Wednesday, April 25, 2012

Old Eyes and iron sights -- Part #7

Rear sight diopters --Testing and selection

April 24 promised to have blue skies, light winds, 70 degrees and low Mosquito count.  So I headed off the North Star Rifle Club for part 2 of lens testing and a few more pictures. Today’s test was under clear blue skies vs. cloudy but good light on test 1.
As you will recall from part 1, I was checking various lenses for a rear sight on a Palma rifle with a .3 front lens. Photo #1 shows Old Glory set up in my deluxe sandbag rest …. This testing was done with the Neergaard lens kit by holding the various power lenses between thumb and forefinger, then moving the lens up and down between the rear of the sight and my eye.
Click to enlarge Picture
Since that first test my good friend and high power team mate Kevin Bangen has developed a new, revised and improved version of the holder shown in part 1.  See photo #3.   Photo #5 shows the actual lens that drops into a slot at the top of the holder.
Some sources have indicated that the Neegaard lens might work better with a longer sight radius. So today’s testing started with my # 2 Mid Range Prone rifle chambered in 240NMC.  It has a 5” bloop tube on a 29.5” bbl. with a 22MM front sight and a .3 lens.  So the only thing different between this test and the first was the 4 ½” longer sight radius. 
Starting with the +1.5 lens every lens down thru – 1.5 was inserted in the holder clamped on the rear iris.  All the lenses made the front sight just barely sharper. To the best of my ability I could see no difference in the clarity of the target between any of the lenses. It was certain that none of the lenses made the target look worse but if there was an improvement it was very small. I would insert each lens into the holder and take a quick look then pull it out of view and try & compare how the sight picture compared with and without the lens.  After doing this with 10 lenses I think for me at least, I can see just as well with no rear lens and the .3 front with a bloop tube. The Micro Sight was then inserted and all lenses checked as described above.  The Micro Sight did not help with any lens and in fact was probably just slightly worse. I tried the Gehman rear sight with the 1.5 magnification and it too was worse than no lens at all in the rear.  And finally I removed the .3 front lens and looked thru the Gehman 1.5.  The target looked sharp and the front sight was sharp.  But the target looked about like a 200 yard center. It would have been VERY difficult for me to call any shots with the pin head looking target inside the great big aperture. I believe the old adage about there being no free lunch applies here.

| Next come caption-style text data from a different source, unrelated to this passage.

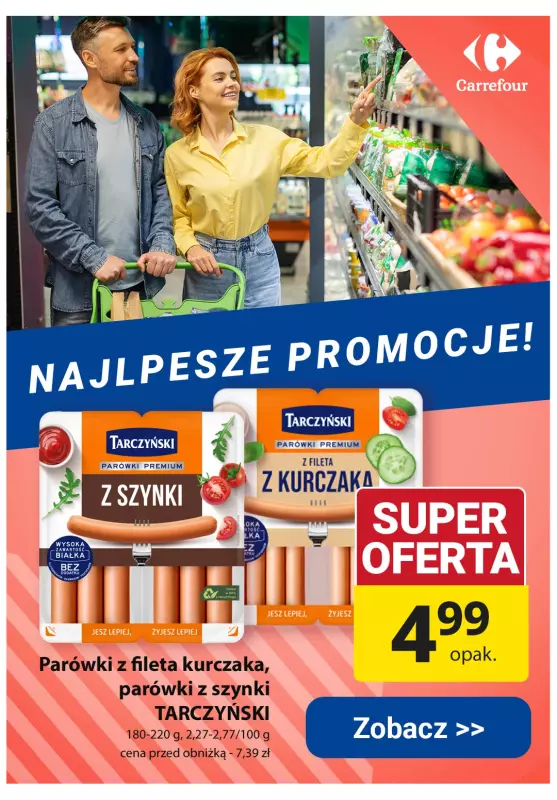 gazetka carrefour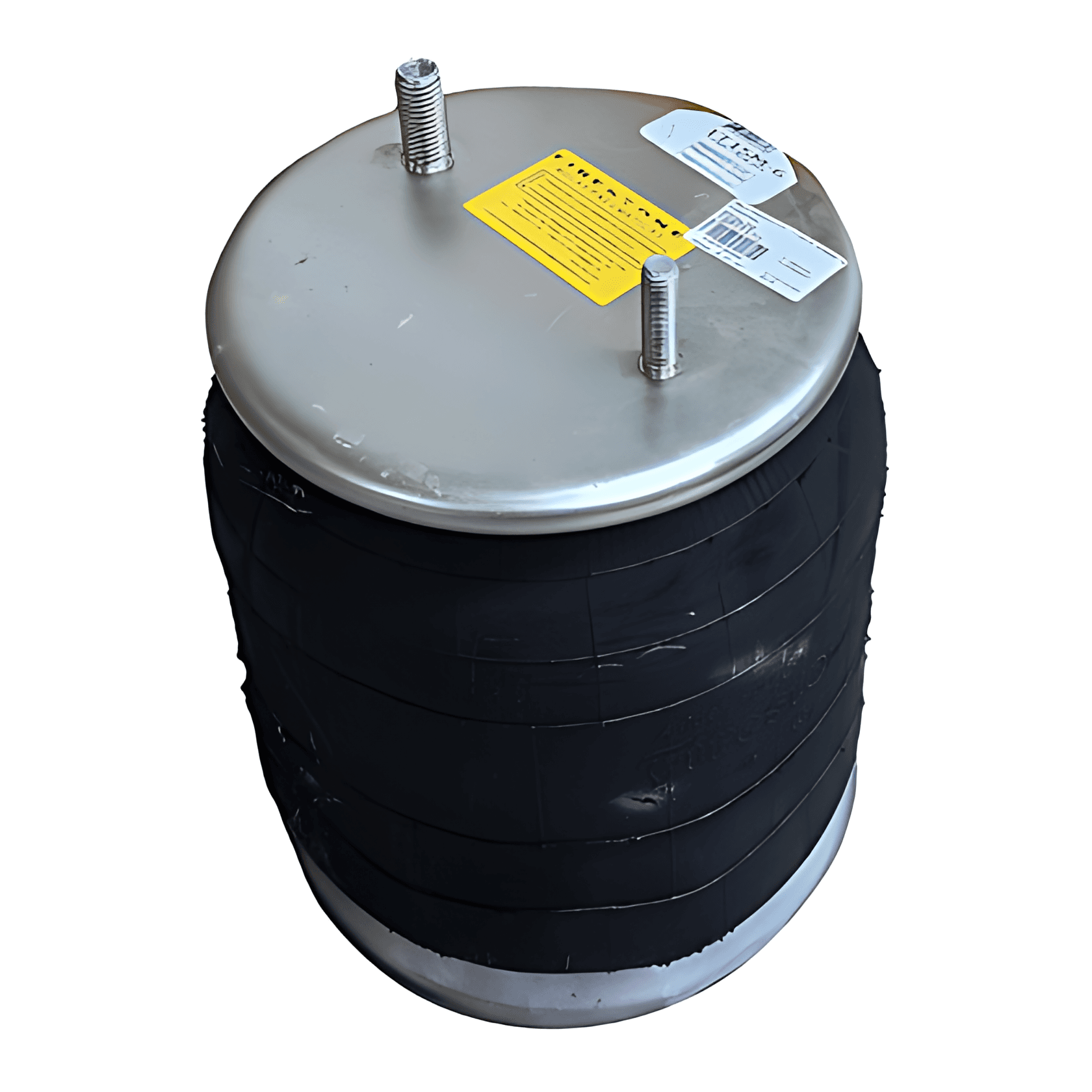 MOLA PNEUMATICA 1T15M-6 C/BASE ALUMINIO - 10025470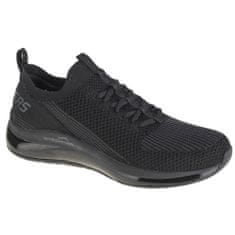 Skechers Boty černé 45 EU Skechair Element 20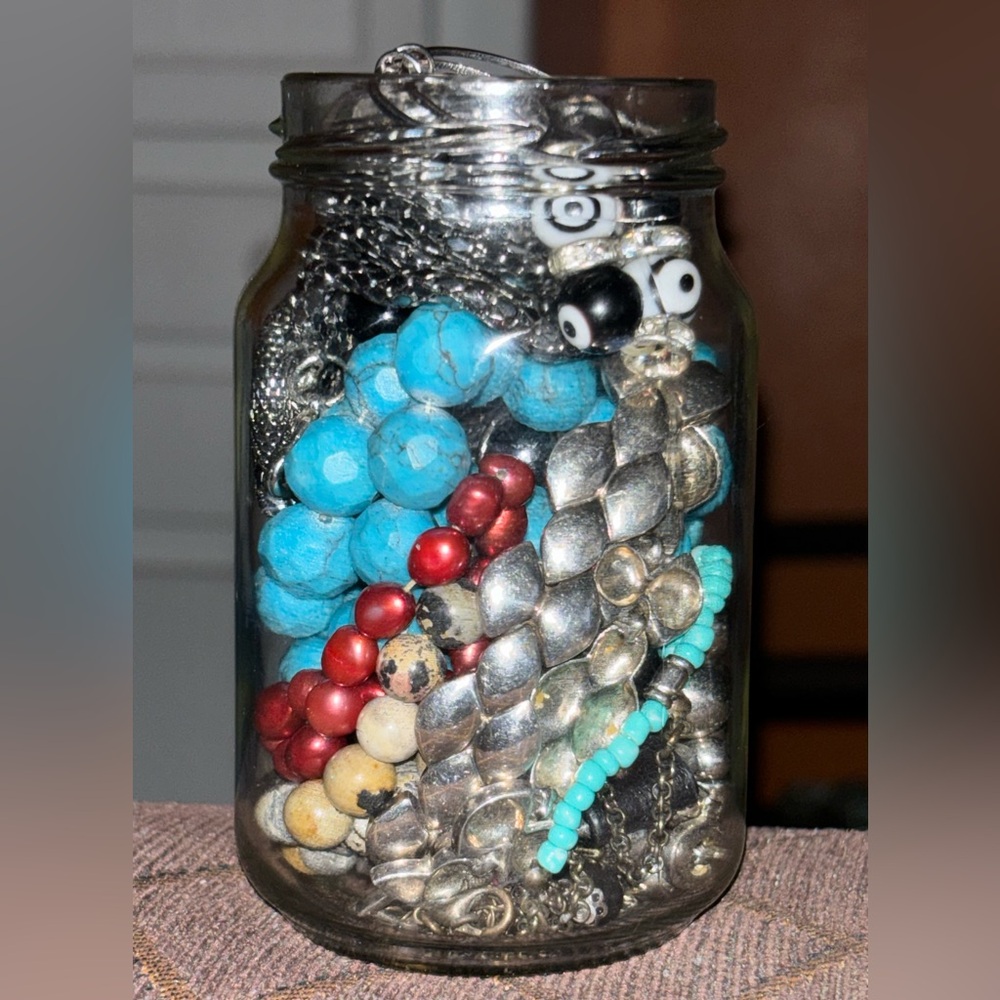 💎🫙 Mystery Jewelry Jar 🫙💎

Today’s next test was the same as described above but with Palma rifle # 2 on a Stolle action.  This rifle wears a 30MM Right Sight with a .37 rose tint lens from our favorite Snake Oil Salesman, Bob Jones. The results with this front sight were similar to the results with the bloop tube rifle.  In fact if anything I think the sight picture was just slightly better with no rear lens at all.

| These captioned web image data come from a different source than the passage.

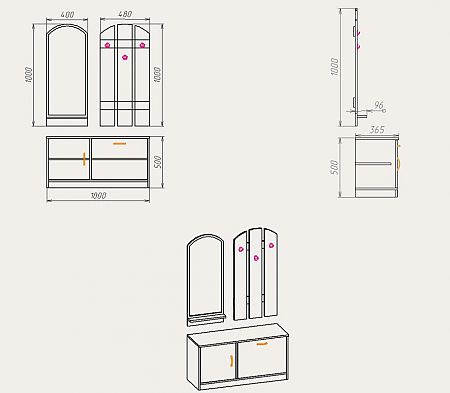 схема схема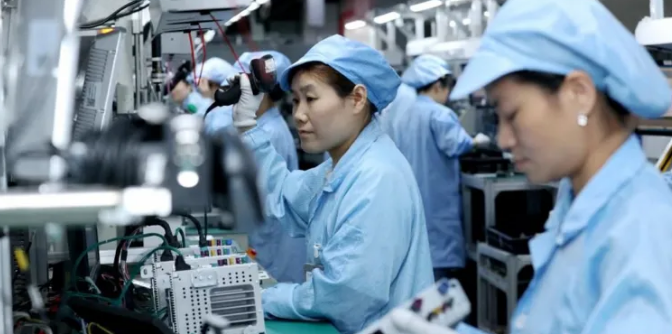 Trade War Truce: A Recovery or a Transformation Opportunity for Chinese Factories?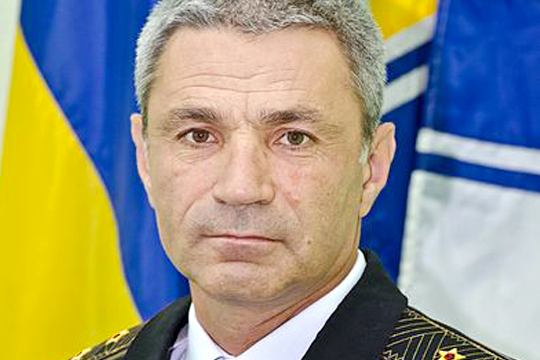 Военному судостроению Украины пригрозили «точкой невозврата»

The instructions with the test lenses indicated it might be better to remove the rear sight and look through the big hole as there will be greater sensitivity to focus changes by looking thru the largest aperture available.  So I tried this and everything was a complete blur until I got to the + 1.50 and + 1.75 lens. I doubt I would have hit the target had the sight picture been that poor with the rear sight in.
At this point about the only thing I want to try is the above with a .5 front in my # 1 MRP rifle. I hope to have that report next week.
So many rifles, so many lenses, so much testing, so little time.